> [What to work on] Exactly as they appear, transcribe the entries and skip any pictures.

> [Records provided]
*** Begin section ***
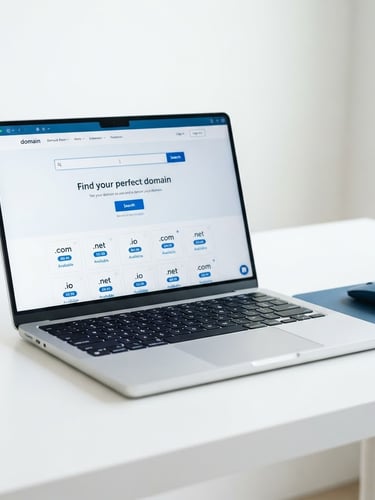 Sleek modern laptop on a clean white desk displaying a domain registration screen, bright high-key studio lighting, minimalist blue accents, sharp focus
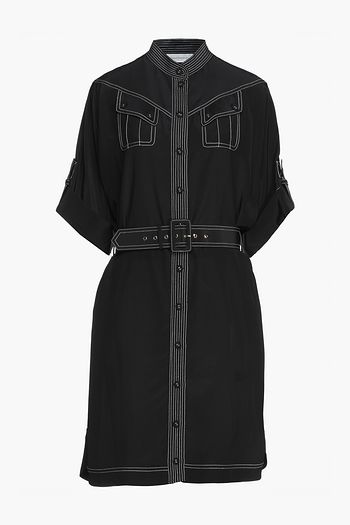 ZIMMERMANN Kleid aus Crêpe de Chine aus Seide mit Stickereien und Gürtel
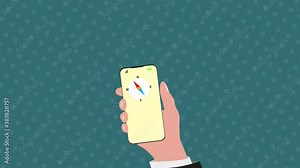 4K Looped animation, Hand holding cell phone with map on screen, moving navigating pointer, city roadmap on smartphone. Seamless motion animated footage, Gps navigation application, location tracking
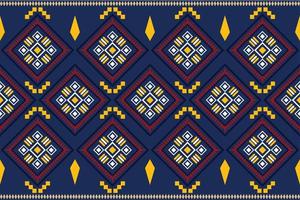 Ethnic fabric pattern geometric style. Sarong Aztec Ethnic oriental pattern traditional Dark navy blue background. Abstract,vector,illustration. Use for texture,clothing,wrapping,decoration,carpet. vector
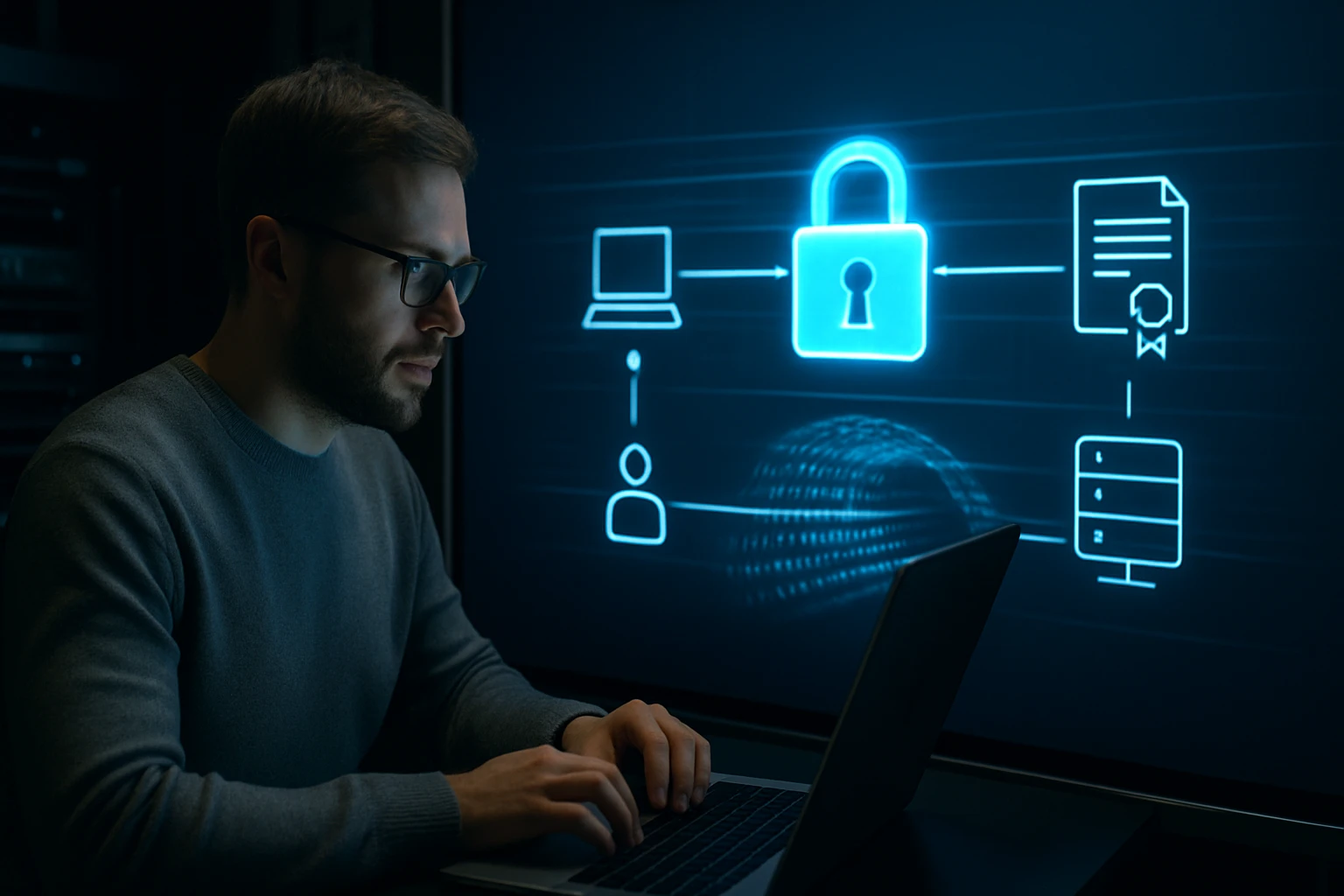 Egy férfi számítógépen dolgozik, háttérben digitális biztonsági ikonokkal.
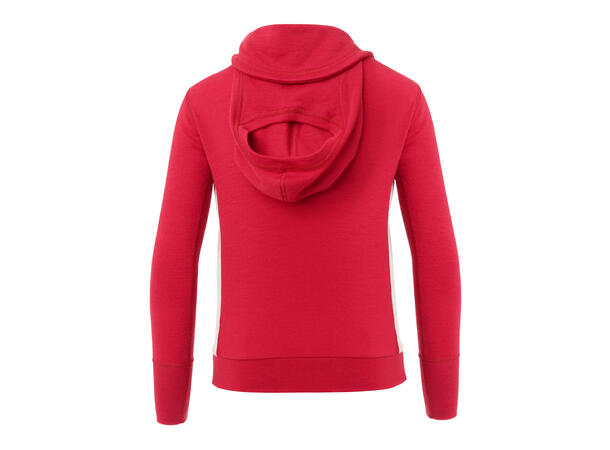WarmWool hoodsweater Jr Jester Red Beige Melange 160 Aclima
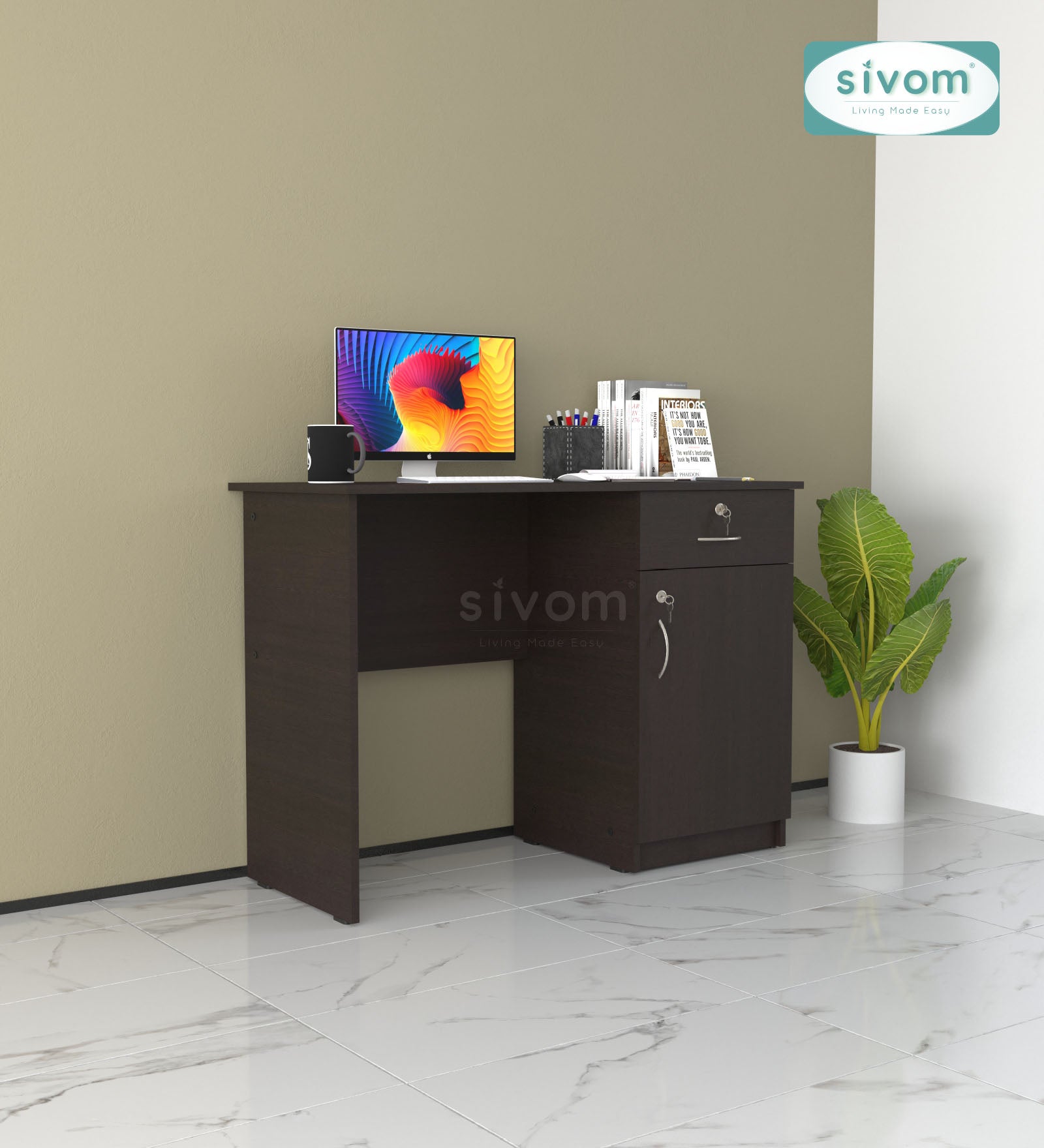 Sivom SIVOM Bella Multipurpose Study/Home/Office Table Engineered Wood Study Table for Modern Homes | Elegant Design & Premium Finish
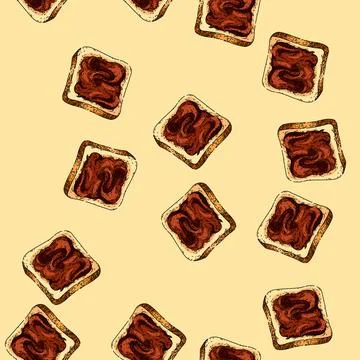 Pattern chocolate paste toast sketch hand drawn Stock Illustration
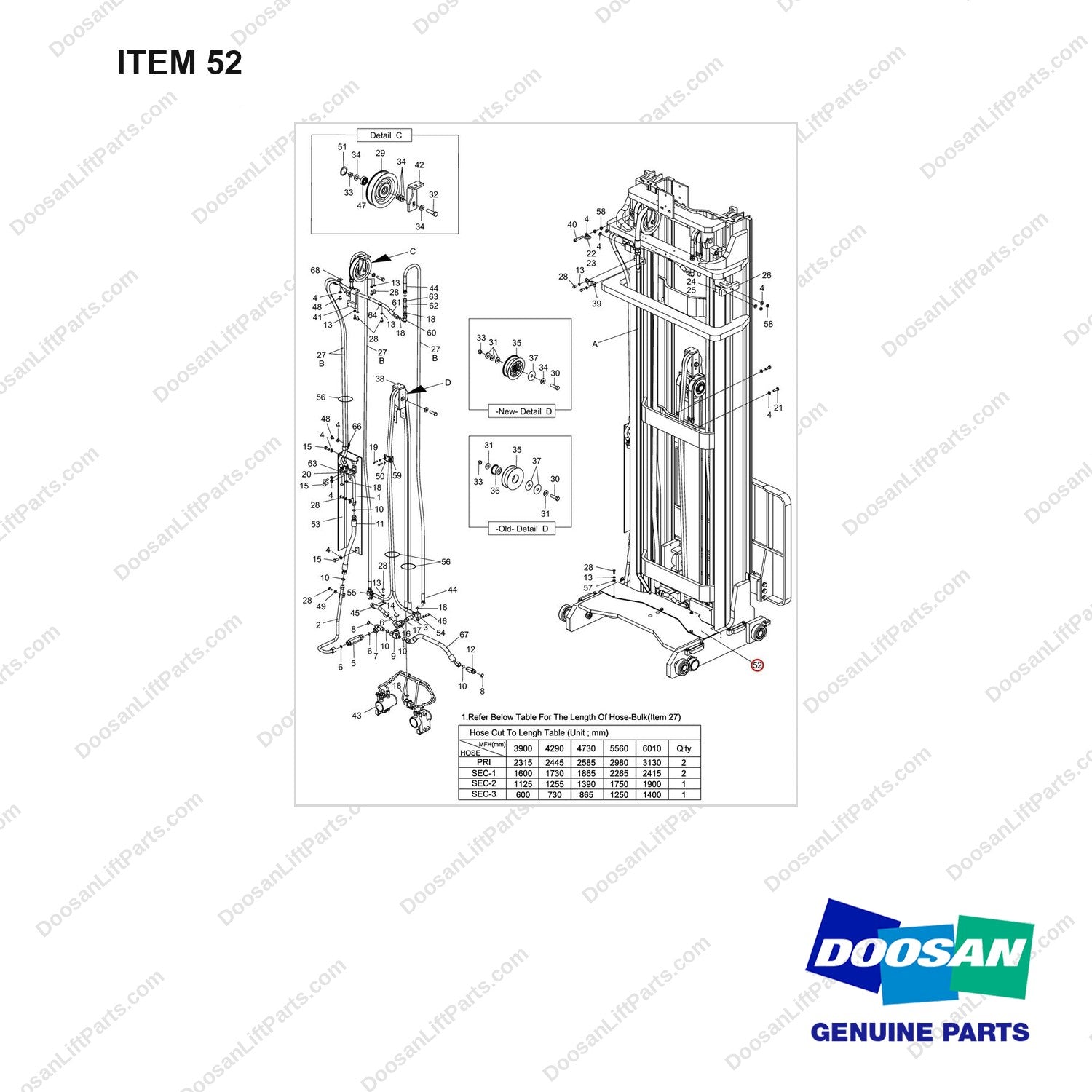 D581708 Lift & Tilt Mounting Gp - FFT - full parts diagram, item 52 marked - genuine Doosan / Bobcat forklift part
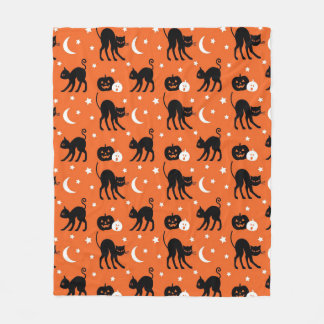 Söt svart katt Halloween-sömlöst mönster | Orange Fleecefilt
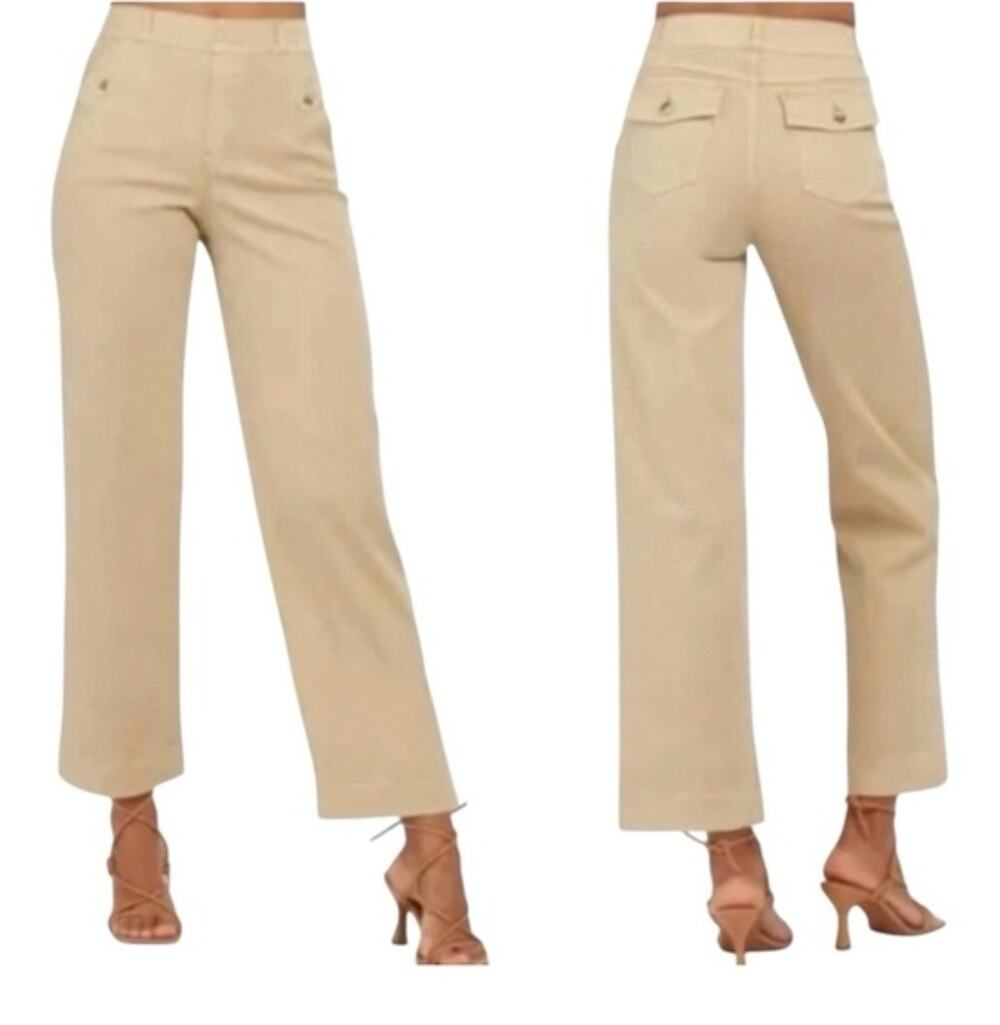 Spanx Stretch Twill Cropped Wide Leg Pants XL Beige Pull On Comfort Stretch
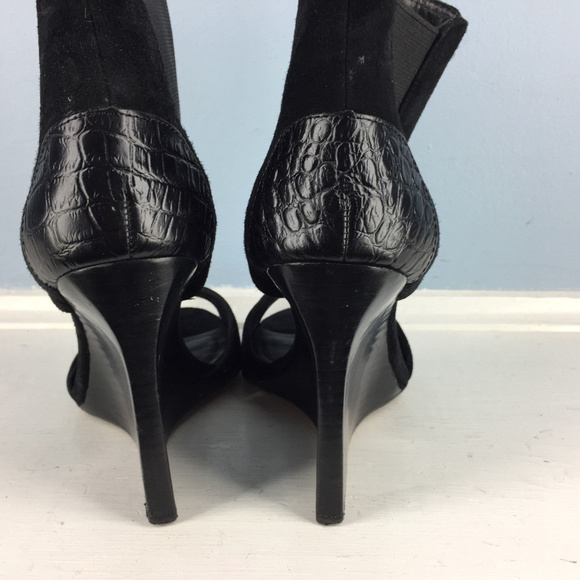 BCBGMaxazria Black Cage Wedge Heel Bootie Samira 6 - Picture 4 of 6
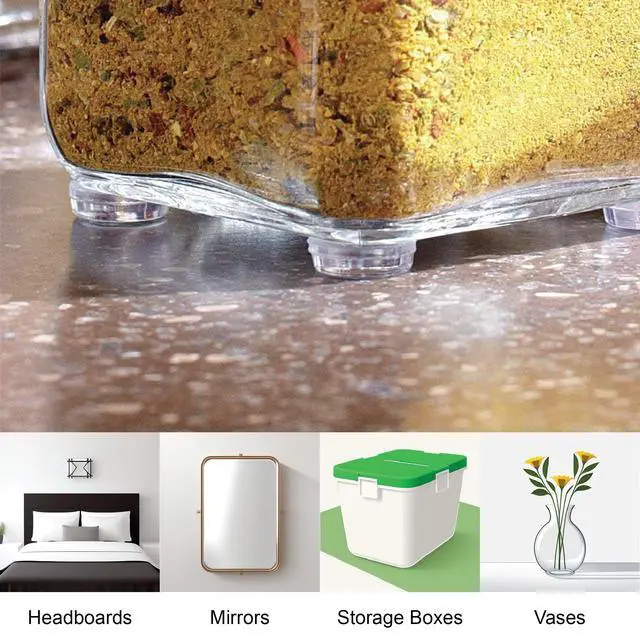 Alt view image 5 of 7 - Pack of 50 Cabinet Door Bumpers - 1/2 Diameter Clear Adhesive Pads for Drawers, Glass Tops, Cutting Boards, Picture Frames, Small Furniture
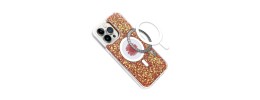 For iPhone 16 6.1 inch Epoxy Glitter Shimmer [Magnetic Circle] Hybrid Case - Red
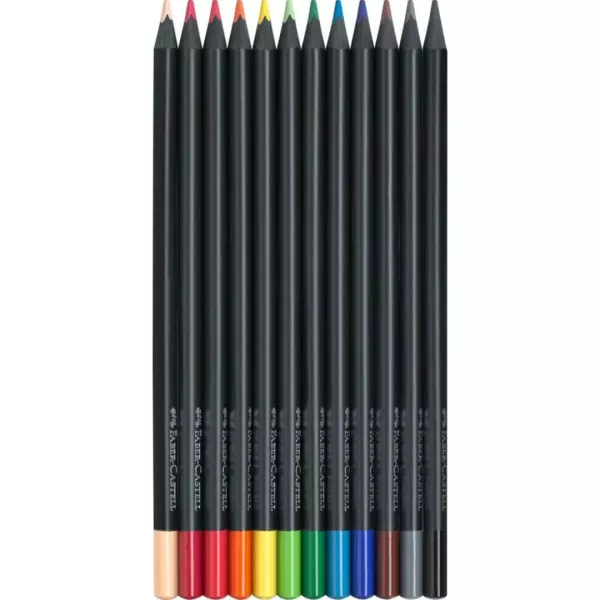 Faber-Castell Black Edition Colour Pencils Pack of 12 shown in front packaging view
*** End section ***
> [Output for this task]
 Sleek modern laptop on a clean white desk displaying a domain registration screen, bright high-key studio lighting, minimalist blue accents, sharp focus
 ZIMMERMANN Kleid aus Crêpe de Chine aus Seide mit Stickereien und Gürtel
 4K Looped animation, Hand holding cell phone with map on screen, moving navigating pointer, city roadmap on smartphone. Seamless motion animated footage, Gps navigation application, location tracking
 Ethnic fabric pattern geometric style. Sarong Aztec Ethnic oriental pattern traditional Dark navy blue background. Abstract,vector,illustration. Use for texture,clothing,wrapping,decoration,carpet. vector
 Egy férfi számítógépen dolgozik, háttérben digitális biztonsági ikonokkal.
WarmWool hoodsweater Jr Jester Red Beige Melange 160 Aclima
 Sivom SIVOM Bella Multipurpose Study/Home/Office Table Engineered Wood Study Table for Modern Homes | Elegant Design & Premium Finish
 Pattern chocolate paste toast sketch hand drawn Stock Illustration
 D581708 Lift & Tilt Mounting Gp - FFT - full parts diagram, item 52 marked - genuine Doosan / Bobcat forklift part
 Söt svart katt Halloween-sömlöst mönster | Orange Fleecefilt
 Spanx Stretch Twill Cropped Wide Leg Pants XL Beige Pull On Comfort Stretch
 BCBGMaxazria Black Cage Wedge Heel Bootie Samira 6 - Picture 4 of 6
 Alt view image 5 of 7 - Pack of 50 Cabinet Door Bumpers - 1/2 Diameter Clear Adhesive Pads for Drawers, Glass Tops, Cutting Boards, Picture Frames, Small Furniture
 For iPhone 16 6.1 inch Epoxy Glitter Shimmer [Magnetic Circle] Hybrid Case - Red
 Faber-Castell Black Edition Colour Pencils Pack of 12 shown in front packaging view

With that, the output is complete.